As expected, small pieces of foam debris and ice fell off Discovery’s external fuel tank during Saturday night’s launch, but they didn’t appear to strike the shuttle, said deputy shuttle program manager John Shannon, chairman of the mission management team.

Because Discovery was launched in the dark, NASA technicians weren’t able to capture the same sharp photos as they did during the last three shuttle launches. Still, they were able to take better than expected images from the illumination of the shuttle’s solid rocket boosters and engines during the first few minutes of flight. They also relied on radar, although one out of the three radars failed during the launch.

NASA may have to wait an extra day to look at images taken from the solid rocket boosters. An accident on one of the two ships used in recovering the boosters from the ocean postponed the retrieval by more than a day.

“The team sees nothing of concern at this time,” Mr. Shannon said.

NASA engineers were studying four low-momentum readings from sensors on the leading edge of the shuttle’s wing about two minutes after liftoff.

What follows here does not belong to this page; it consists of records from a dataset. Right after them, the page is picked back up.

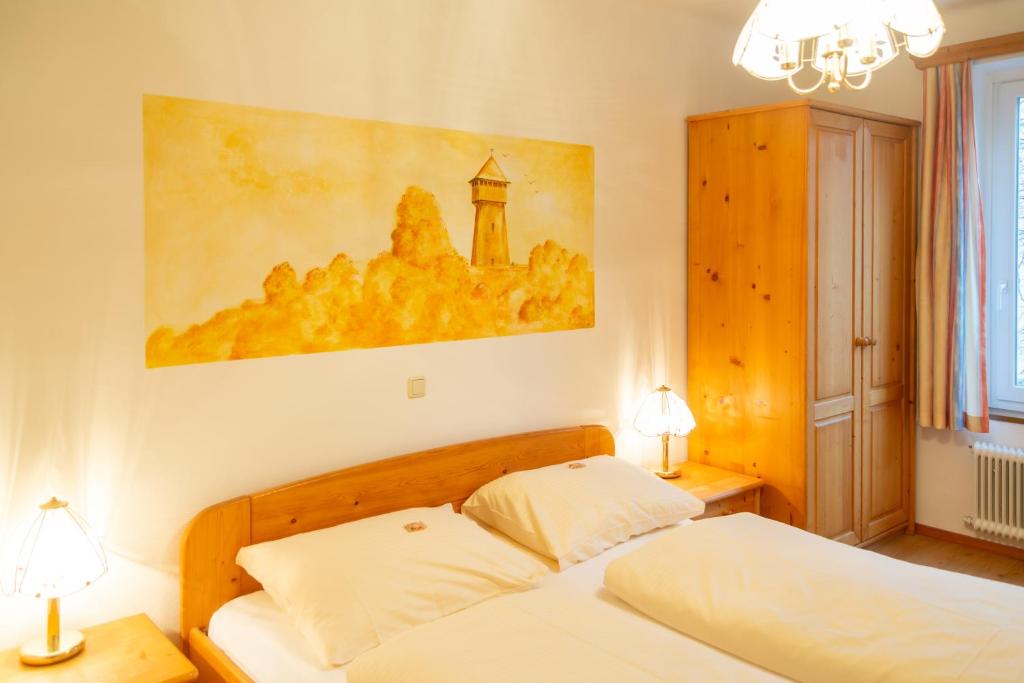 Postel nebo postele na pokoji v ubytování Hotel & Hostel Sandwirt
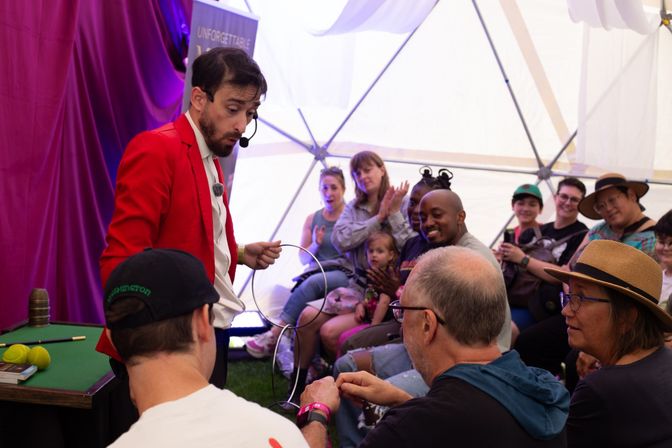 Magician in a red jacket performing a ring trick for a smiling, engaged family audience inside a white festival dome tent with purple curtains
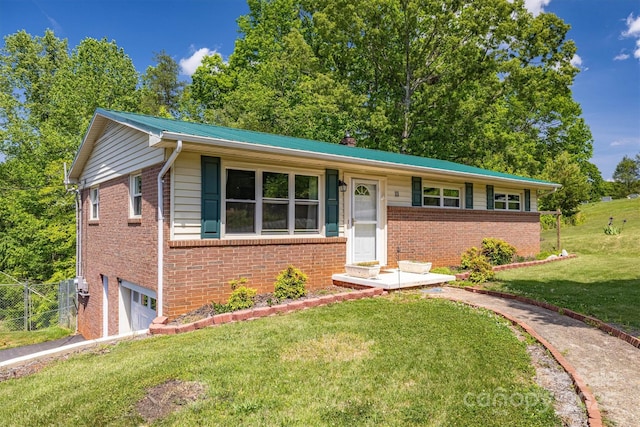 111 Baxter St, Morganton, NC 28655 - view of front of home featuring a garage, fence, a front yard, and brick siding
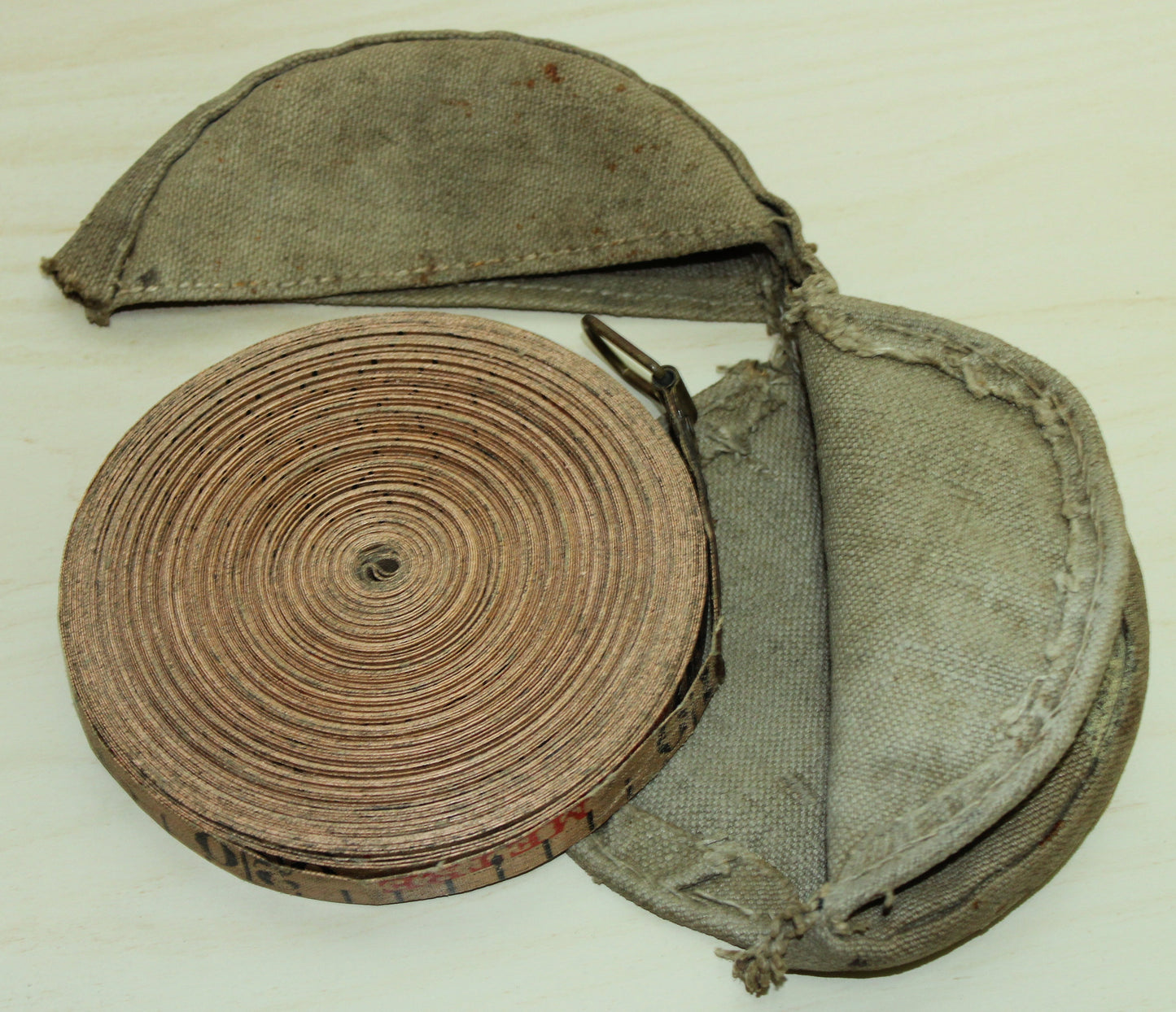 Vintage Rabone tape measure in canvas pouch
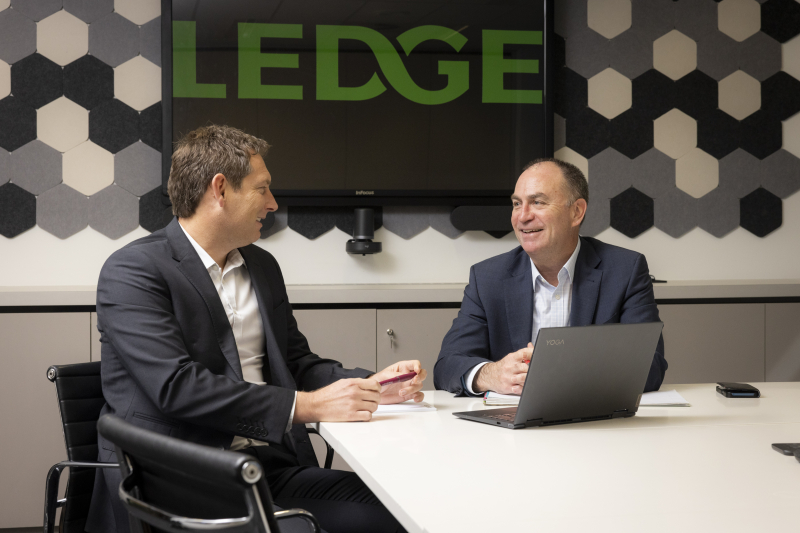 Isaac Hough and Brad Spencer from Ledge, having a meeting in the boardroom.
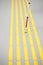 Blind pedestrian walking on tactile paving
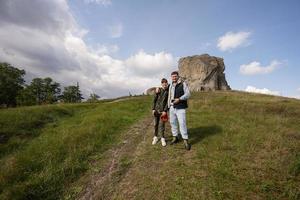 sohn mit vater trägt rucksack beim wandern in der nähe eines großen steins im hügel. pidkamin, ukraine. foto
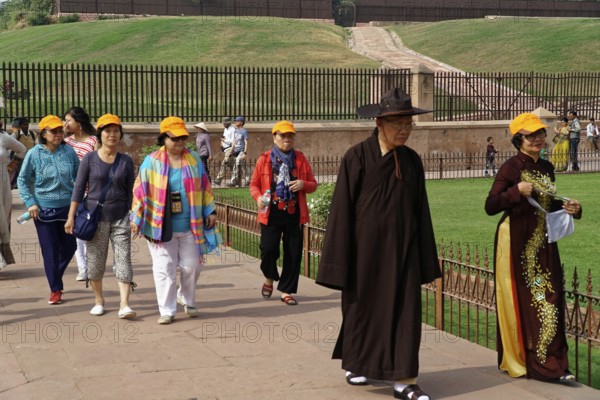 Group of tourists with yellow hats walking through a historical site, Agra, Jodhpur, Rajasthan, North India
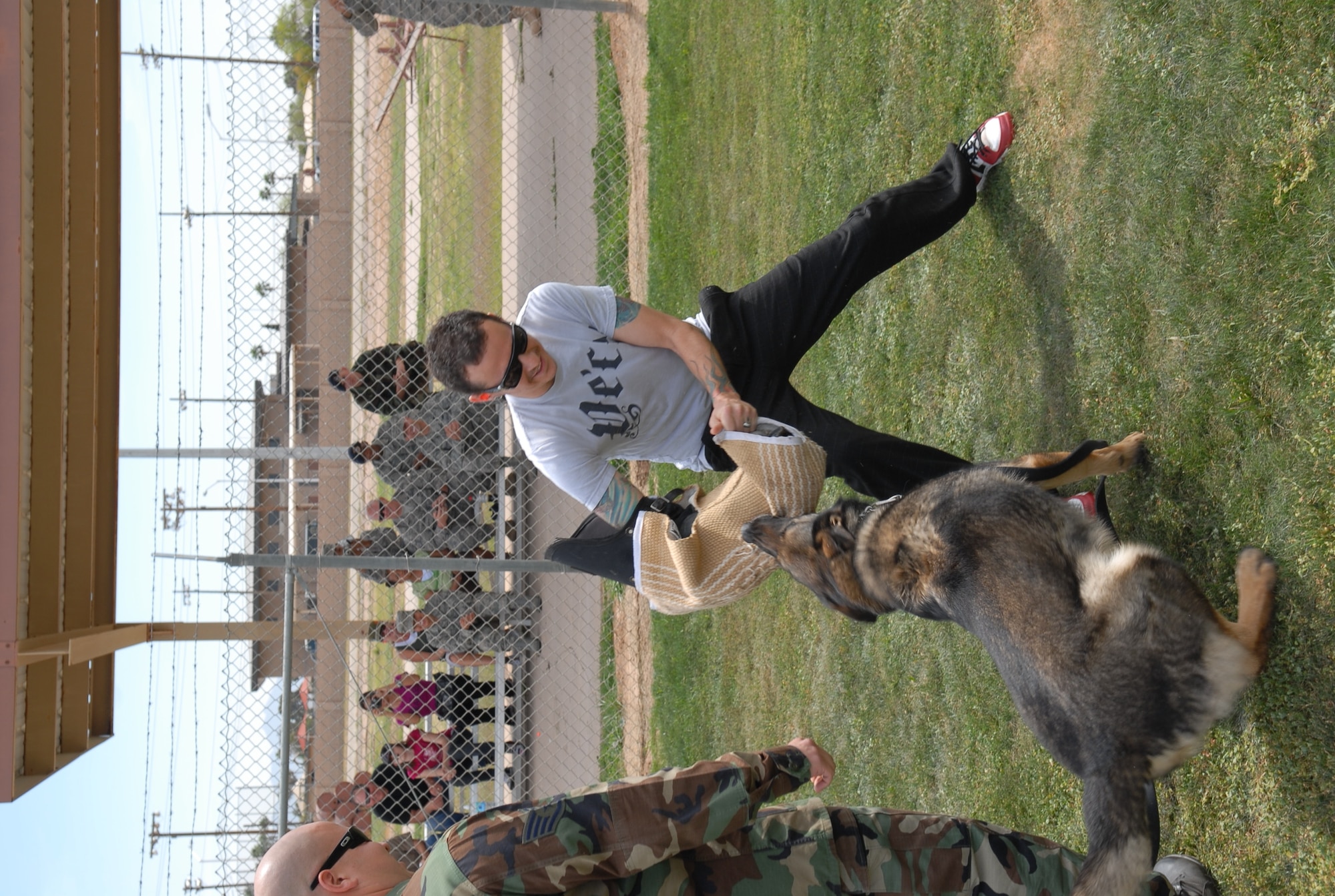Chester Bennington from Linkin Park attempts to free himself from a military working dog's bit during a visit to Luke April 1. He didn't get very far. (U.S. Air Force photo by A1C Chris Hatch)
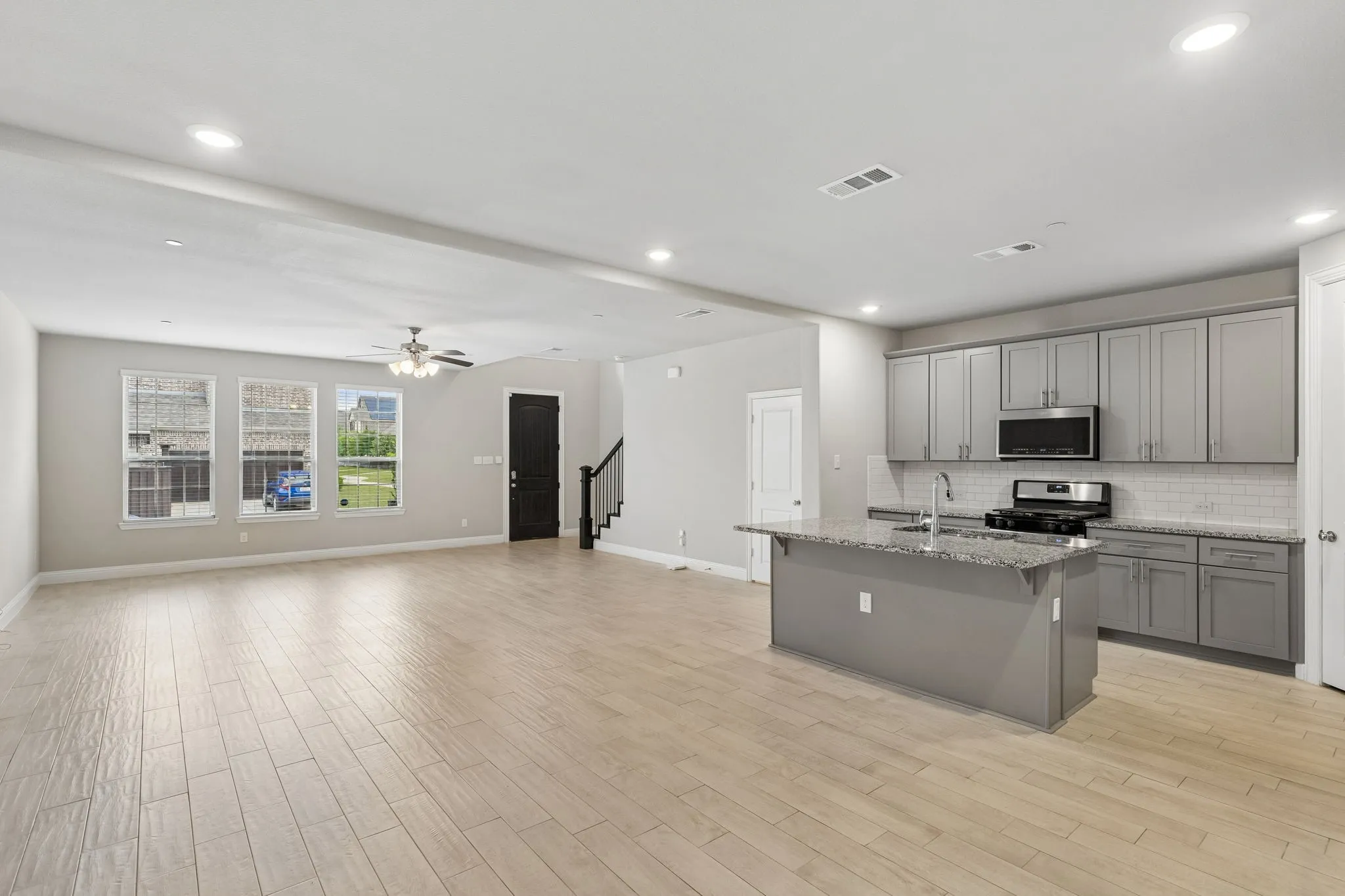 Open-concept living area featuring light wood-finish flooring, recessed lighting, and a contemporary ceiling fan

“I don’t know if they’re strikes. In the past, there’s a lot of folks who think it’s just a shock wave passing over … or there’s some settling,” Mr. Shannon said. “We’ve seen exactly the same thing on the last couple of flights. We don’t know exactly what’s happening.”

The thorough sweep of the shuttle included the wings and nose cap for chips and other damage from foam, a procedure made mandatory after the deadly Columbia accident in 2003.

Discovery fired its engines yesterday to raise its altitude to 216 miles above Earth, nearly level with the International Space Station, where it will dock today. Three complicated spacewalks are planned to rewire the space station from a temporary to a permanent power source.

During its 12-day mission, Discovery’s crew will deliver an $11 million addition to the space lab and bring home one of the space station’s three crew members, German astronaut Thomas Reiter of the European Space Agency. U.S. astronaut Sunita “Suni” Williams will replace him, staying for six months.

The mission is one leg of a three-year race to finish construction on the space station before shuttles are retired in 2010. After Discovery’s mission, 13 more shuttle flights are needed to complete the lab.

Saturday’s launch was the first at night since Space Shuttle Endeavour’s flight in November 2002 and only the 29th in darkness of NASA’s 117 shuttle launches.

Saturday’s launch was only the fourth since the Columbia disaster in 2003 and the third of the year. It also was the last scheduled liftoff from pad 39B, which will be modified for new rockets that will take astronauts back to the moon in 2020.